例えば、建築当時は容積率が100%だった土地に容積率95%の建物を建てた後、法律改定が行われ対象地が容積率80%に変更された場合、その建物は既存不適格建築物として扱われます。
違法建築が発生する理由
違法建築が生まれる背景には、コスト削減や工期短縮などの意図的なものから、単なる知識不足によるうっかり違反まで、さまざまな要因があります。
特に、増改築のタイミングで本来の申請手続きを行わずに工事を進めてしまう事例が多く見受けられます。その結果、後になって指摘されるというケースも少なくありません。
違法建築の代表的な事例
違法建築の事例は多岐にわたりますが、特に多いのが建ぺい率や容積率の超過、未許可での増改築などのケースです。ここでは、違法建築に該当する主なケースについて具体例を挙げながら解説します。
建ぺい率・容積率の超過
建ぺい率とは、敷地面積に対する建築面積の割合、容積率は敷地面積に対する建物の延床面積の割合のことです。建ぺい率と容積率は、行政が定めた用途地域により上限が定められています。
「敷地を最大限に使いたい」「不動産投資を効率化したい」という動機で建築計画を変更してしまったり、増築することで建ぺい率・容積率がオーバーしてしまうことがあります。
未許可での増改築や用途変更
増改築を行う際は一般的に、建築確認申請や関連手続きが必要ですが、これを行わずに改築するケースが未だに存在します。また、住宅を店舗として使うなど、用途変更時にも行政への届け出が求められる場合があります。
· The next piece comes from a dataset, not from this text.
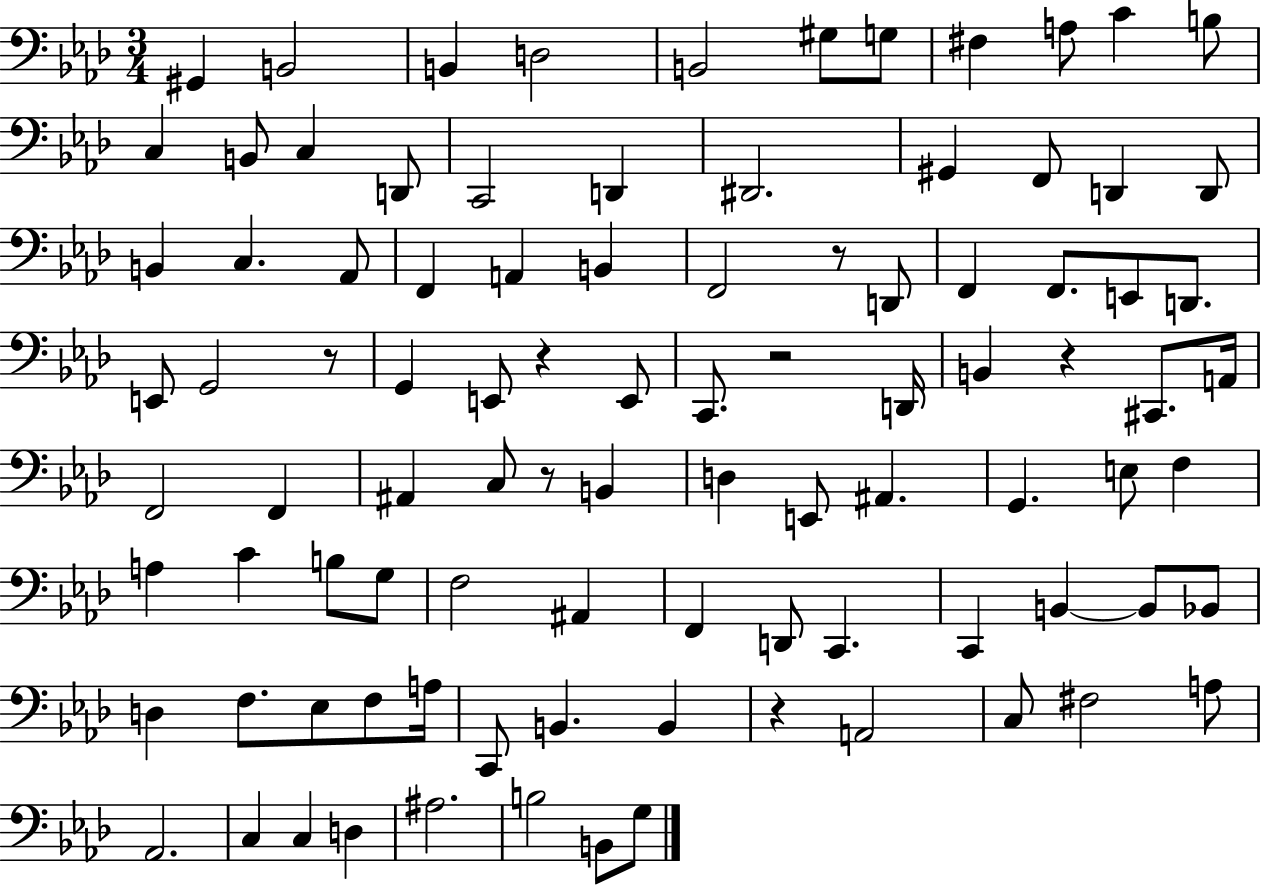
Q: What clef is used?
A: bass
店舗は不特定多数の人が出入りすると考えられ、快適性・防火性・設備などの観点から審査する必要があるためです。
確認申請内容と異なる建築物
設計段階では適法だったものの、実際の施工中に設計変更が行われる場合があります。
具体的には、建築が始まった後で設計変更が行われたが、それが正式に承認されない場合や、建築材料が計画書に示されたものと異なる場合などが挙げられます。これにより、完成した建築物が確認申請時の承認内容と異なり、結果として罰則や是正命令を受けるリスクが高まります。
違法建築のリスク
違法建築には多くのリスクが伴います。具体的には以下のようなリスクがあります。
- 耐震性や防火性が低い
- 行政指導や罰則を受ける可能性がある
- 資産価値が低下しやすい
- 融資や売却の難易度が高い
違法建築のリスクを理解しておくことは、安全性と資産価値の両面で非常に重要です。ここでは、違法建築のリスクについて、詳しく解説致します。
耐震性や防火性が低い
構造基準を満たしておらず違法建築となる場合も少なくありません。耐震性や防火性などの基本的な安全基準をクリアしていないと、大きな地震や火災の際に被害が拡大し、住人や周辺住民まで危険にさらす可能性があります。
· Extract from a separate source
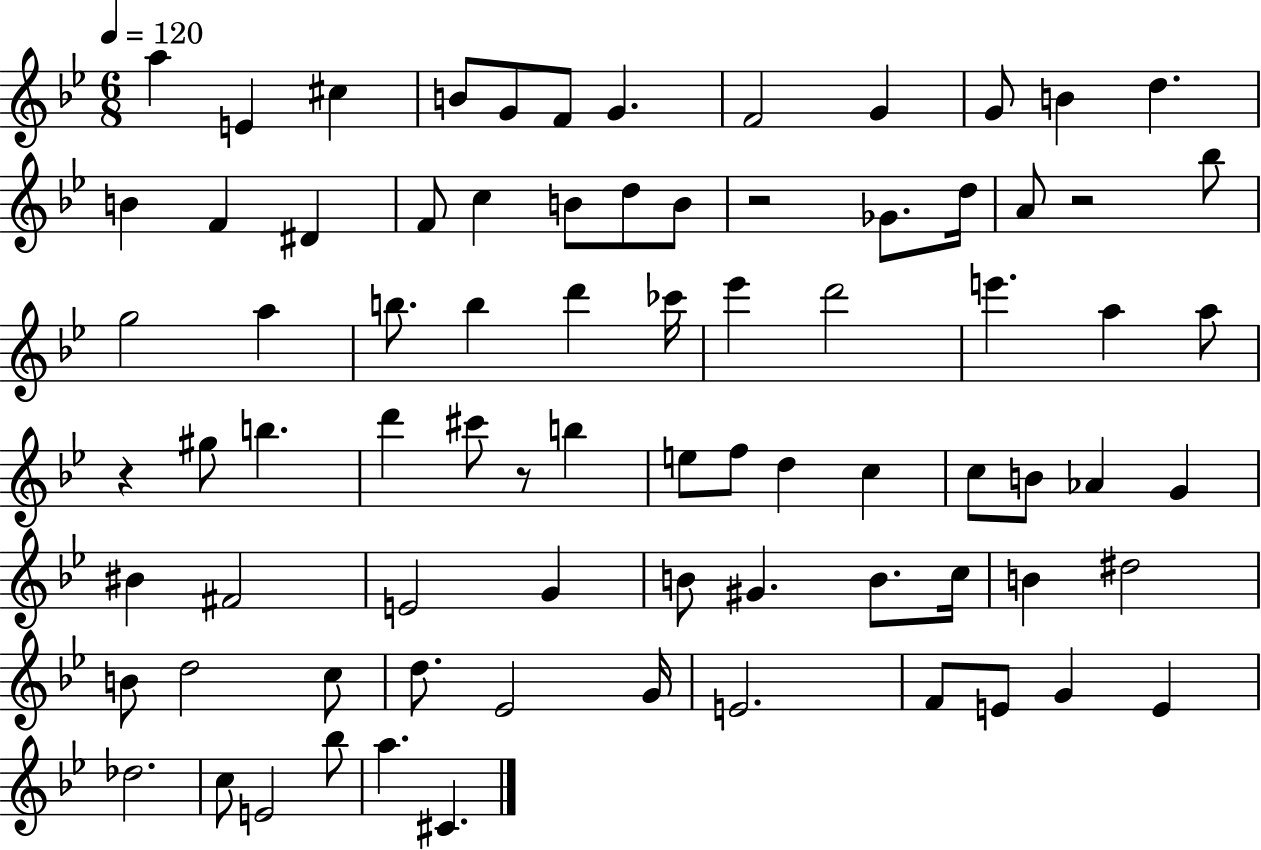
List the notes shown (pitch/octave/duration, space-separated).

A5/q E4/q C#5/q B4/e G4/e F4/e G4/q. F4/h G4/q G4/e B4/q D5/q. B4/q F4/q D#4/q F4/e C5/q B4/e D5/e B4/e R/h Gb4/e. D5/s A4/e R/h Bb5/e G5/h A5/q B5/e. B5/q D6/q CES6/s Eb6/q D6/h E6/q. A5/q A5/e R/q G#5/e B5/q. D6/q C#6/e R/e B5/q E5/e F5/e D5/q C5/q C5/e B4/e Ab4/q G4/q BIS4/q F#4/h E4/h G4/q B4/e G#4/q. B4/e. C5/s B4/q D#5/h B4/e D5/h C5/e D5/e. Eb4/h G4/s E4/h. F4/e E4/e G4/q E4/q Db5/h. C5/e E4/h Bb5/e A5/q. C#4/q.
実際の例として、2011年の東日本大震災では、違法建築の一部が倒壊し、多くの被害が報告されました。違法建築が原因での被害を未然に防ぐためにも、建築前に法令に基づく計画と確認申請の手続きをしっかりと行うことが重要です。
行政指導や罰則を受ける可能性がある
違法建築は行政による建築指導や罰則の対象となり、是正命令が出される場合があります。場合によっては大規模な改築や撤去、工事費用の負担が求められるため、違法状態を長期にわたって放置するのは大きなリスクです。例えば、工事停止命令に従わなかった場合は、「3年以下の懲役または300万円の罰金」など、重い罰が科されることもあります。
法令に従った建物を所有することはオーナーにとって必須の責務と言えるでしょう。
資産価値が低下しやすい
違法建築の影響として、資産価値の低下が挙げられます。違法建築物は法律や条例に反しているため、建物の安全性や長期的な維持管理に問題が生じる可能性があります。これにより、購入希望者が敬遠し、不動産市場での評価が下がることが一般的です。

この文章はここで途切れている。